Mary Dunn Stands Tall Among Her Peers
By: Mike Gyulay for

If you’re a woman racing the Connecticut roads, chances are you’ve had a good look at Mary Dunn’s back. In fact, you probably had several opportunities to study it in 2001. Dunn made her presence felt from the 5k to the marathon as she turned 50 last year, leaving younger competitors shaking their heads. She rode the age-adjusted curve to the top in the process, earning a number one ranking in USA Track & Field/Connecticut’s age-graded Grand Prix standings. That means no runner - regardless of age or gender - performed as well in the series by that measurement.

Not surprisingly, Dunn also stands tall among her age-group peers: Running Times gave her an honorable mention for master of the year in the 45-49 category, while New England Runner named her the top Connecticut master and 2nd in the 45-49 group for the region.

The highlight of her season was a 3:00:31 clocking at the Greater Hartford Marathon in October, a PR and good for 5th place. "My time proved to me that I still have the capacity to improve, get faster, and race as well as I ever have," Dunn says.

She was no slouch at the shorter distances either, with 2001 bests of 18:22 for 5k and 30:28 for 5 miles testifying to her versatility. There have been faster master marathoners in the state, "but no one carries it through the year, at all distances, like Mary does," says training partner and race director Marty Schaivone.

Although she realizes age plays a role in athletic performance, Dunn refuses to be defined by it. "The fact that I continue to improve and still rank up in the top percentiles of men and women overall" is a big part of what drives her out the door in the morning, she says.
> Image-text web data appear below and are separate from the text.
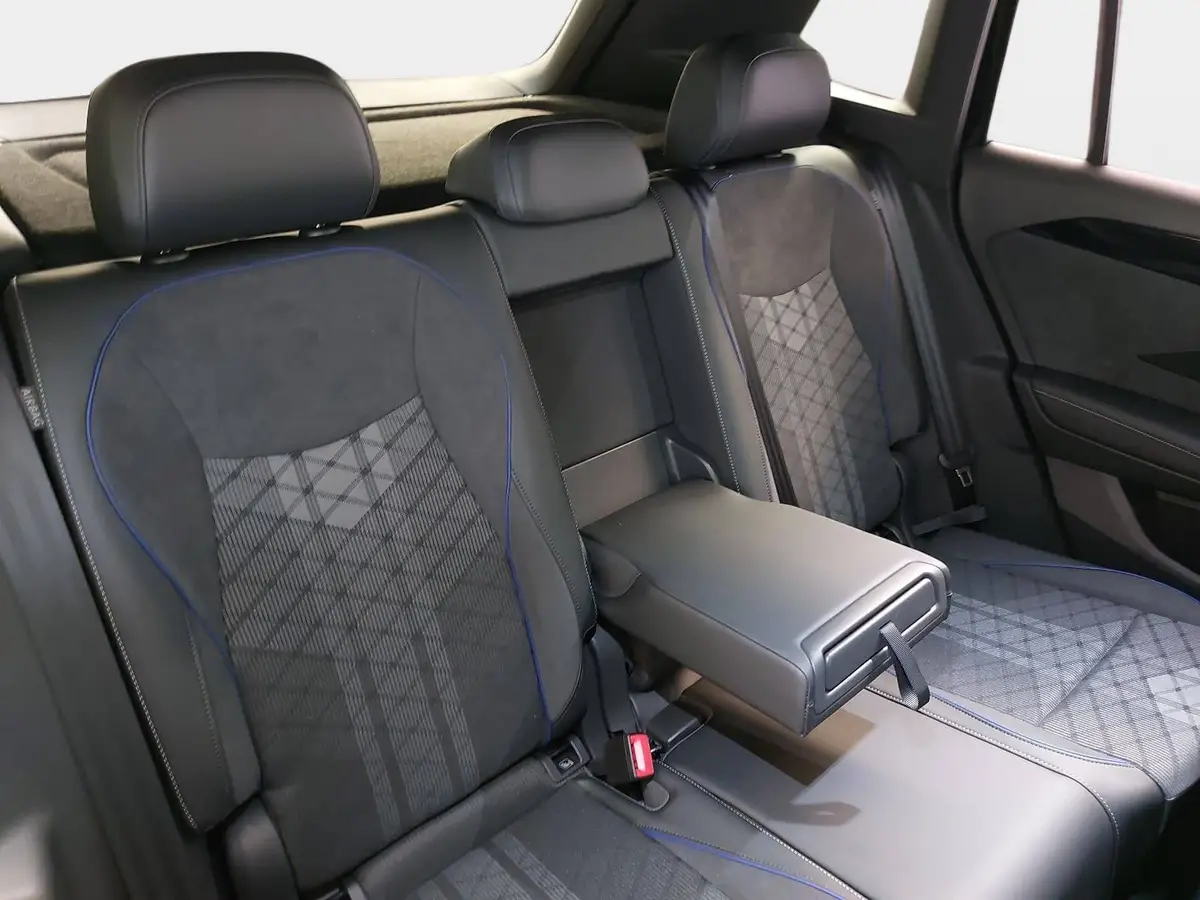VW TIGUAN 2.0 TDI DSG R-LINE NAVI LED PANO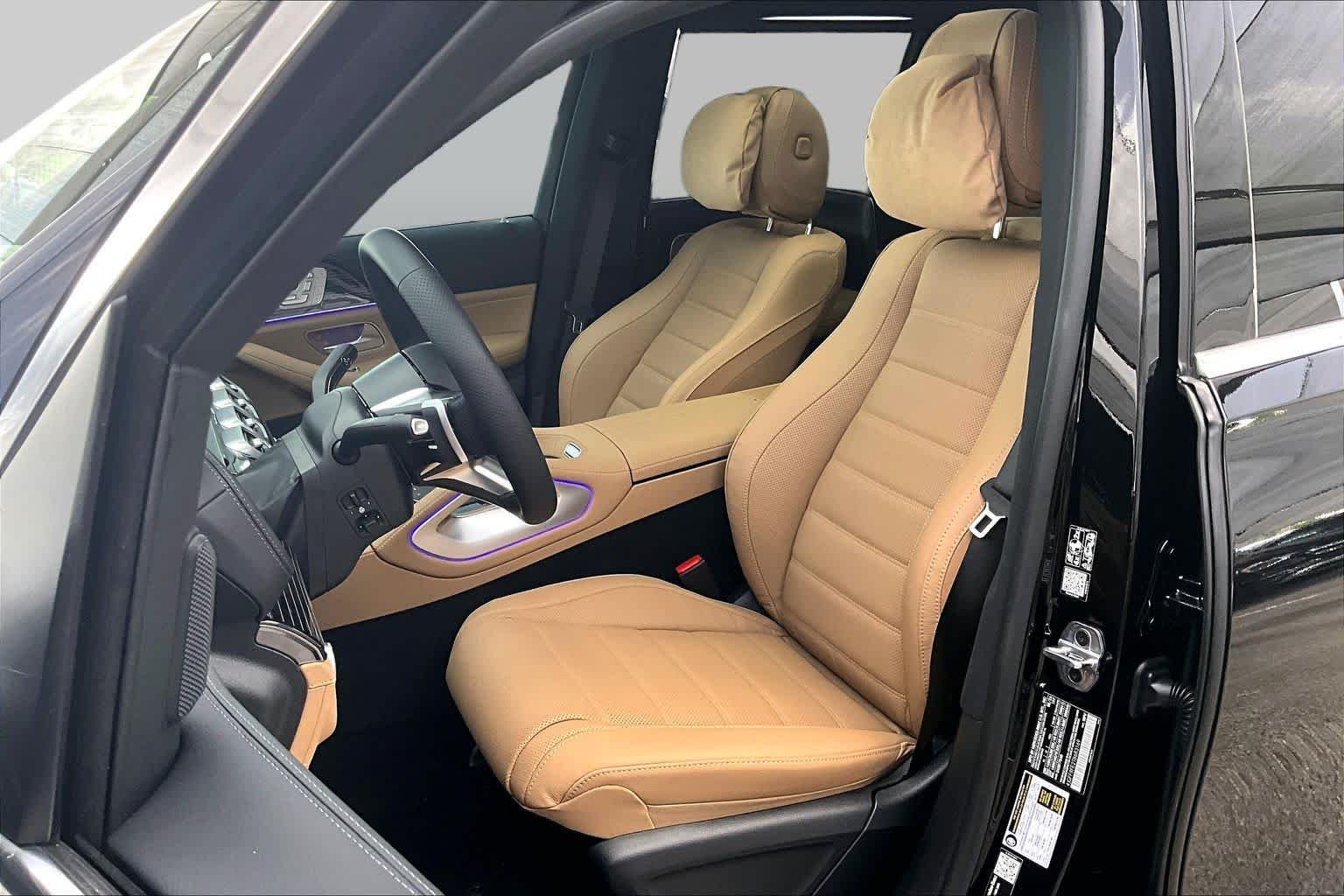 New 2026 Obsidian Black Metallic Mercedes-Benz GLS 580 image 17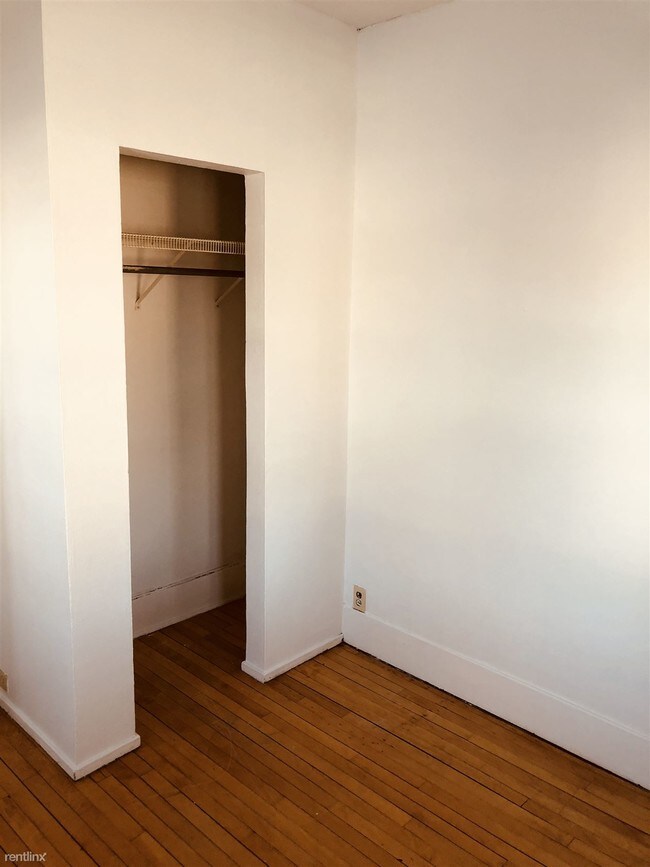 Building Photo - 1 br, 1 bath  - 1010 12th Ave N  near NDSU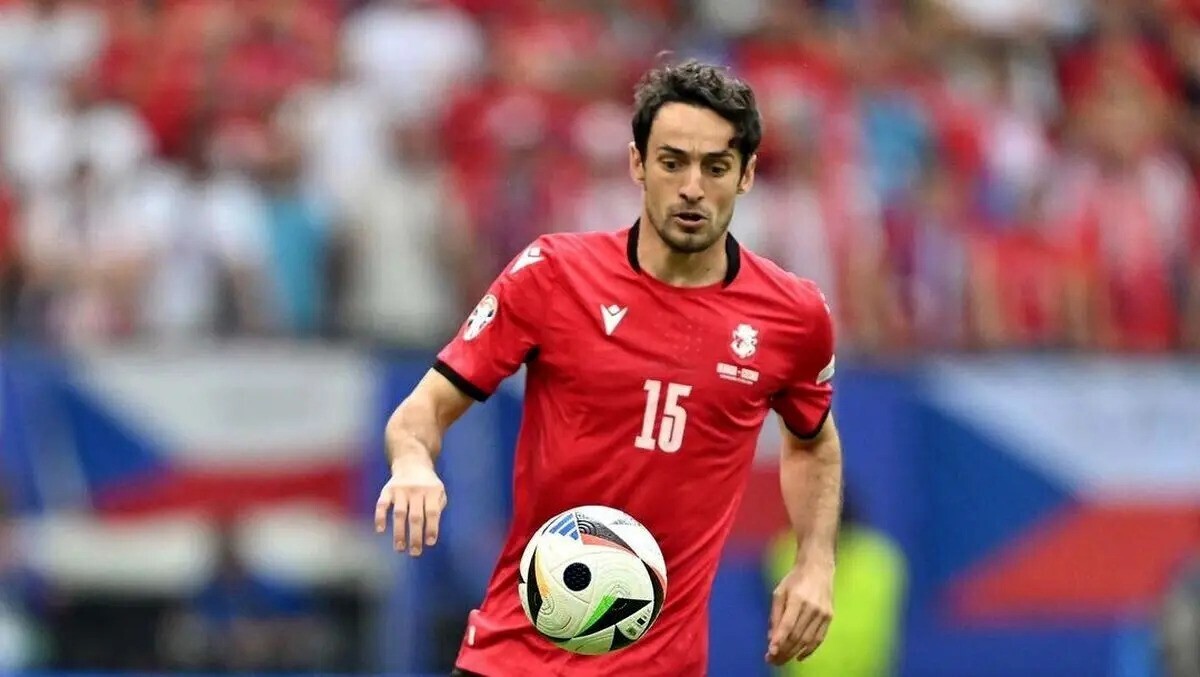 جدایی مدافع گرجستانی پرسپولیس در پایان فصل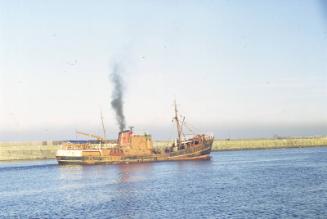 Trawler Paramount leaving Aberdeen harbour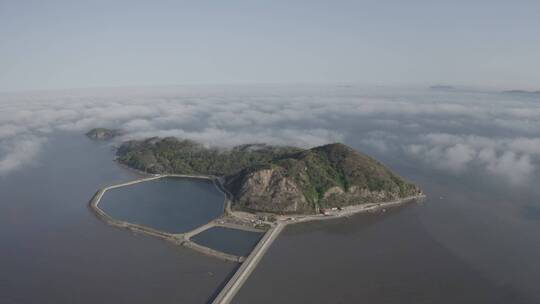 云海中的海岛岛屿航拍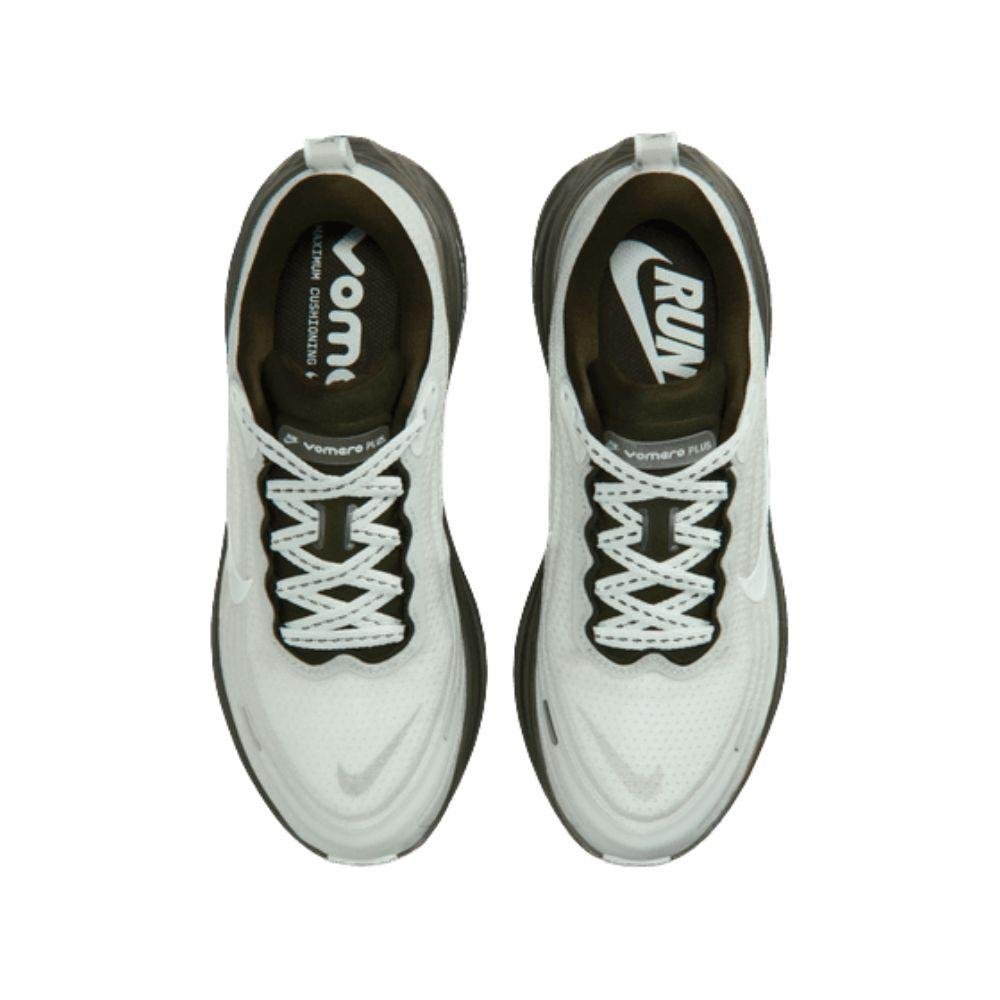 NIKE VOMERO PLUS SE รองเท้าวิ่งถนนผู้หญิง - Rev Online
"She does not train to be the best in her age group, she trains to be the best…and though she may not always do so, she runs believing she can win overall," says Schaivone. "I think she absolutely will not give in to thinking that age will slow her down or change her performances from the past."

That confidence is apparent on race day and is an integral part of Dunn’s makeup, according to training partner George Dickerson. "I think that when Mary gets on the line, it’s a very positive experience for her," he says. "She looks at every race as an opportunity to do really well. I think a lot of people step on the line and look at it as an opportunity to fail. That’s what I think the difference is. She doesn’t freak out in intense situations. Mary is the runner that wants to take the foul shot with two seconds left."

"I toe the line with no excuses or complaints and I put the pedal to the metal," Dunn says.

Dunn’s work ethic is another key to her success, according to Dickerson. While others might find an excuse to pass on a run when things get hectic, "she never misses workouts," he says, even if she has to fit them in early or late in the day to accommodate her schedule. "She has a level of discipline that I’ve never seen three people have. Because of that she’s been incredibly consistent" with her performances, he adds.

In addition to some training staples - hill work, speed work, long runs - Dunn draws upon her extensive multisport background to bolster her regimen. She has plenty of experience in that department: she was the national duathlon amateur champion from 1993-1995, amongst other accomplishments. She is currently cycling about five hours a week and rowing three times a week. "I believe cross training keeps you physically healthier as well as mentally more astute and less likely to get bored or break down," she says.

Poised on the cusp of her 50’s, Dunn has plenty on her agenda for ’02 and beyond. "I am totally challenged by the marathon distance and am convinced I can still break the three-hour barrier," she says. She also wants to dip below 18 minutes in the 5k again (her PR is 17:24) and compete in more duathlons and triathlons if her schedule permits.

"I think anyone who continues to be successful athletically has to be mentally tough, strong in body, and confident in spirit," Dunn says. "Long-term future goals are to keep training and racing, strive to continue to get better, faster, and stronger, and stay healthy," she adds. "I figure if I keep running fast enough, maybe that middle age slump that so many people fall prey to won’t catch me."